» TO DO
Every entry below is to be copied exactly, with nothing left out.

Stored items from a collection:
****
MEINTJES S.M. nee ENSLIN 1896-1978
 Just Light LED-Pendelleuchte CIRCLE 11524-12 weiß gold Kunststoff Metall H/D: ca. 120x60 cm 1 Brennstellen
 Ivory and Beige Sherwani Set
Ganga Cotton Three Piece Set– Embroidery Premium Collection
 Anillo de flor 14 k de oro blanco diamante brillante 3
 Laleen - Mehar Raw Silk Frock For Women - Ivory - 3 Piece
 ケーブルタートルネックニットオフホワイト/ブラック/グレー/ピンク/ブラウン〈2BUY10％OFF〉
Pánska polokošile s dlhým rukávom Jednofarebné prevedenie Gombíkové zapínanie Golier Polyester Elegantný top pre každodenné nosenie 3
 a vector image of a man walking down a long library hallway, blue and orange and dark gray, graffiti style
****
» EXERCISE OUTPUT
MEINTJES S.M. nee ENSLIN 1896-1978
 Just Light LED-Pendelleuchte CIRCLE 11524-12 weiß gold Kunststoff Metall H/D: ca. 120x60 cm 1 Brennstellen
 Ivory and Beige Sherwani Set
Ganga Cotton Three Piece Set– Embroidery Premium Collection
 Anillo de flor 14 k de oro blanco diamante brillante 3
 Laleen - Mehar Raw Silk Frock For Women - Ivory - 3 Piece
 ケーブルタートルネックニットオフホワイト/ブラック/グレー/ピンク/ブラウン〈2BUY10％OFF〉
Pánska polokošile s dlhým rukávom Jednofarebné prevedenie Gombíkové zapínanie Golier Polyester Elegantný top pre každodenné nosenie 3
 a vector image of a man walking down a long library hallway, blue and orange and dark gray, graffiti style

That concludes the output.